[Problem details] This exercise calls for an exact transcription. Set down every record below.

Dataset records
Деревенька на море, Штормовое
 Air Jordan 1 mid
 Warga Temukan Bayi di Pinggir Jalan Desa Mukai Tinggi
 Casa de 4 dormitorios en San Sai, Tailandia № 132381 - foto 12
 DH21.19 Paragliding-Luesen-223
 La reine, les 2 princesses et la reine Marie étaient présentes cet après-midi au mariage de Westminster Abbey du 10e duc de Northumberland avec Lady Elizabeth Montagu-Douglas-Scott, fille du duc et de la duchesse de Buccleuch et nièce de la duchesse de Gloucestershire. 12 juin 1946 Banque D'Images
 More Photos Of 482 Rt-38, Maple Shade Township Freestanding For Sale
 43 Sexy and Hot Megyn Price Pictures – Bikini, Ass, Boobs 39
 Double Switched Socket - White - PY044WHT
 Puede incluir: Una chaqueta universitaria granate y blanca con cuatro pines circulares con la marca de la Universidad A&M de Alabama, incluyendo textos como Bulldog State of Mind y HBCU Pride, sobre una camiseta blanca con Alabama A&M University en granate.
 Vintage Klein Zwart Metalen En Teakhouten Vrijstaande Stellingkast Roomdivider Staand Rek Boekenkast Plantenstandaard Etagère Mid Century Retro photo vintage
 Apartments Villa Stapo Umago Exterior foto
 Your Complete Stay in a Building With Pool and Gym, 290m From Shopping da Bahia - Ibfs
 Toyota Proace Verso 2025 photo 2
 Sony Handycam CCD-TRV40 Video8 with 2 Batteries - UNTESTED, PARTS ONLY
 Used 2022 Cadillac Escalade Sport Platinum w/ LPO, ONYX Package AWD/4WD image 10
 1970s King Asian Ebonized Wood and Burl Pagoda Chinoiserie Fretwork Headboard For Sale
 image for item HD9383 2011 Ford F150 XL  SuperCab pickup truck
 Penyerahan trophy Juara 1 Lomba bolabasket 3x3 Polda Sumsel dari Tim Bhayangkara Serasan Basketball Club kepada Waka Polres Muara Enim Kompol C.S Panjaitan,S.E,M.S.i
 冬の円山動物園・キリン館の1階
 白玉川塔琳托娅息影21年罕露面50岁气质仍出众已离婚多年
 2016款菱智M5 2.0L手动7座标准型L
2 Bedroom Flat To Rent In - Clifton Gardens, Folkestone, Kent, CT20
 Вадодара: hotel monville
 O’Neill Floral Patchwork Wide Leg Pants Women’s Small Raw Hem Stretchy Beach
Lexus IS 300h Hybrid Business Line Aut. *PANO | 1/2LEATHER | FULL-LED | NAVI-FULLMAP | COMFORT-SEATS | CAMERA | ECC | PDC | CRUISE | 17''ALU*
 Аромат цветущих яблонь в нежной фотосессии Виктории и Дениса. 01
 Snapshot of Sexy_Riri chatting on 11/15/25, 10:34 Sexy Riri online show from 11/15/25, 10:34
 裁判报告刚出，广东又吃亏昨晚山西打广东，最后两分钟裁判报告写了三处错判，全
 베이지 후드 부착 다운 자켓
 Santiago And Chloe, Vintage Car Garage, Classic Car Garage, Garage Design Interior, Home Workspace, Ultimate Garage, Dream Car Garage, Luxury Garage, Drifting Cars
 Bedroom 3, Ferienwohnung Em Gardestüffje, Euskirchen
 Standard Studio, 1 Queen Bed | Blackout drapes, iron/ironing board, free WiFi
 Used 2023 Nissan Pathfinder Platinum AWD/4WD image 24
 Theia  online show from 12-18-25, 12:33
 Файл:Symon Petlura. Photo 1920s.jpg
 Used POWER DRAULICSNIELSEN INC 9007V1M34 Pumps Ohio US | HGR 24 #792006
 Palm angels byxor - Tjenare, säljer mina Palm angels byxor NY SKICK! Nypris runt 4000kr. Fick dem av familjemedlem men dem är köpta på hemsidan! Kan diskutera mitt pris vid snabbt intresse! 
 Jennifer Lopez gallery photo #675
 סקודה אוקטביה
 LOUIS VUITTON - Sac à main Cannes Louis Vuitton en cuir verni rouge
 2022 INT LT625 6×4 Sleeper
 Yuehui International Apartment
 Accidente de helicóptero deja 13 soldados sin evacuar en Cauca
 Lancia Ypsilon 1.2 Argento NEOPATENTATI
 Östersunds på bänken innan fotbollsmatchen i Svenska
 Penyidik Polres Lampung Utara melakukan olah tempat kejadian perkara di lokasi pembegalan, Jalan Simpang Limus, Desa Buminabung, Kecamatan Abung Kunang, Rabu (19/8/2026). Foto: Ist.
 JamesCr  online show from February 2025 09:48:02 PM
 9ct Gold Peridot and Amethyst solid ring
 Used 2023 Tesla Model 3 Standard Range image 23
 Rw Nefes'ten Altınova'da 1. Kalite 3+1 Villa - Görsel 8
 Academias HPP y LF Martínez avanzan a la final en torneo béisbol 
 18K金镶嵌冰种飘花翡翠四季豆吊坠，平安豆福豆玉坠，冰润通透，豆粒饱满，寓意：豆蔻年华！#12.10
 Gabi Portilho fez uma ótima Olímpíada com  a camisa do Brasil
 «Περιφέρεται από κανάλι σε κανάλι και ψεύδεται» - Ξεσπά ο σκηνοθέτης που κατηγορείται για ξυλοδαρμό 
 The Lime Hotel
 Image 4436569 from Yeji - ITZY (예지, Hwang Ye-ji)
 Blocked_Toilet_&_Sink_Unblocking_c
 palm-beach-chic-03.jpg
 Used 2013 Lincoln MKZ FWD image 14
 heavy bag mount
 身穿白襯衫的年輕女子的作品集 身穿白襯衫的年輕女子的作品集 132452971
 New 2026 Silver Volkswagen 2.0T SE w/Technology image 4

[Exercise result]
Деревенька на море, Штормовое
 Air Jordan 1 mid
 Warga Temukan Bayi di Pinggir Jalan Desa Mukai Tinggi
 Casa de 4 dormitorios en San Sai, Tailandia № 132381 - foto 12
 DH21.19 Paragliding-Luesen-223
 La reine, les 2 princesses et la reine Marie étaient présentes cet après-midi au mariage de Westminster Abbey du 10e duc de Northumberland avec Lady Elizabeth Montagu-Douglas-Scott, fille du duc et de la duchesse de Buccleuch et nièce de la duchesse de Gloucestershire. 12 juin 1946 Banque D'Images
 More Photos Of 482 Rt-38, Maple Shade Township Freestanding For Sale
 43 Sexy and Hot Megyn Price Pictures – Bikini, Ass, Boobs 39
 Double Switched Socket - White - PY044WHT
 Puede incluir: Una chaqueta universitaria granate y blanca con cuatro pines circulares con la marca de la Universidad A&M de Alabama, incluyendo textos como Bulldog State of Mind y HBCU Pride, sobre una camiseta blanca con Alabama A&M University en granate.
 Vintage Klein Zwart Metalen En Teakhouten Vrijstaande Stellingkast Roomdivider Staand Rek Boekenkast Plantenstandaard Etagère Mid Century Retro photo vintage
 Apartments Villa Stapo Umago Exterior foto
 Your Complete Stay in a Building With Pool and Gym, 290m From Shopping da Bahia - Ibfs
 Toyota Proace Verso 2025 photo 2
 Sony Handycam CCD-TRV40 Video8 with 2 Batteries - UNTESTED, PARTS ONLY
 Used 2022 Cadillac Escalade Sport Platinum w/ LPO, ONYX Package AWD/4WD image 10
 1970s King Asian Ebonized Wood and Burl Pagoda Chinoiserie Fretwork Headboard For Sale
 image for item HD9383 2011 Ford F150 XL  SuperCab pickup truck
 Penyerahan trophy Juara 1 Lomba bolabasket 3x3 Polda Sumsel dari Tim Bhayangkara Serasan Basketball Club kepada Waka Polres Muara Enim Kompol C.S Panjaitan,S.E,M.S.i
 冬の円山動物園・キリン館の1階
 白玉川塔琳托娅息影21年罕露面50岁气质仍出众已离婚多年
 2016款菱智M5 2.0L手动7座标准型L
2 Bedroom Flat To Rent In - Clifton Gardens, Folkestone, Kent, CT20
 Вадодара: hotel monville
 O’Neill Floral Patchwork Wide Leg Pants Women’s Small Raw Hem Stretchy Beach
Lexus IS 300h Hybrid Business Line Aut. *PANO | 1/2LEATHER | FULL-LED | NAVI-FULLMAP | COMFORT-SEATS | CAMERA | ECC | PDC | CRUISE | 17''ALU*
 Аромат цветущих яблонь в нежной фотосессии Виктории и Дениса. 01
 Snapshot of Sexy_Riri chatting on 11/15/25, 10:34 Sexy Riri online show from 11/15/25, 10:34
 裁判报告刚出，广东又吃亏昨晚山西打广东，最后两分钟裁判报告写了三处错判，全
 베이지 후드 부착 다운 자켓
 Santiago And Chloe, Vintage Car Garage, Classic Car Garage, Garage Design Interior, Home Workspace, Ultimate Garage, Dream Car Garage, Luxury Garage, Drifting Cars
 Bedroom 3, Ferienwohnung Em Gardestüffje, Euskirchen
 Standard Studio, 1 Queen Bed | Blackout drapes, iron/ironing board, free WiFi
 Used 2023 Nissan Pathfinder Platinum AWD/4WD image 24
 Theia  online show from 12-18-25, 12:33
 Файл:Symon Petlura. Photo 1920s.jpg
 Used POWER DRAULICSNIELSEN INC 9007V1M34 Pumps Ohio US | HGR 24 #792006
 Palm angels byxor - Tjenare, säljer mina Palm angels byxor NY SKICK! Nypris runt 4000kr. Fick dem av familjemedlem men dem är köpta på hemsidan! Kan diskutera mitt pris vid snabbt intresse! 
 Jennifer Lopez gallery photo #675
 סקודה אוקטביה
 LOUIS VUITTON - Sac à main Cannes Louis Vuitton en cuir verni rouge
 2022 INT LT625 6×4 Sleeper
 Yuehui International Apartment
 Accidente de helicóptero deja 13 soldados sin evacuar en Cauca
 Lancia Ypsilon 1.2 Argento NEOPATENTATI
 Östersunds på bänken innan fotbollsmatchen i Svenska
 Penyidik Polres Lampung Utara melakukan olah tempat kejadian perkara di lokasi pembegalan, Jalan Simpang Limus, Desa Buminabung, Kecamatan Abung Kunang, Rabu (19/8/2026). Foto: Ist.
 JamesCr  online show from February 2025 09:48:02 PM
 9ct Gold Peridot and Amethyst solid ring
 Used 2023 Tesla Model 3 Standard Range image 23
 Rw Nefes'ten Altınova'da 1. Kalite 3+1 Villa - Görsel 8
 Academias HPP y LF Martínez avanzan a la final en torneo béisbol 
 18K金镶嵌冰种飘花翡翠四季豆吊坠，平安豆福豆玉坠，冰润通透，豆粒饱满，寓意：豆蔻年华！#12.10
 Gabi Portilho fez uma ótima Olímpíada com  a camisa do Brasil
 «Περιφέρεται από κανάλι σε κανάλι και ψεύδεται» - Ξεσπά ο σκηνοθέτης που κατηγορείται για ξυλοδαρμό 
 The Lime Hotel
 Image 4436569 from Yeji - ITZY (예지, Hwang Ye-ji)
 Blocked_Toilet_&_Sink_Unblocking_c
 palm-beach-chic-03.jpg
 Used 2013 Lincoln MKZ FWD image 14
 heavy bag mount
 身穿白襯衫的年輕女子的作品集 身穿白襯衫的年輕女子的作品集 132452971
 New 2026 Silver Volkswagen 2.0T SE w/Technology image 4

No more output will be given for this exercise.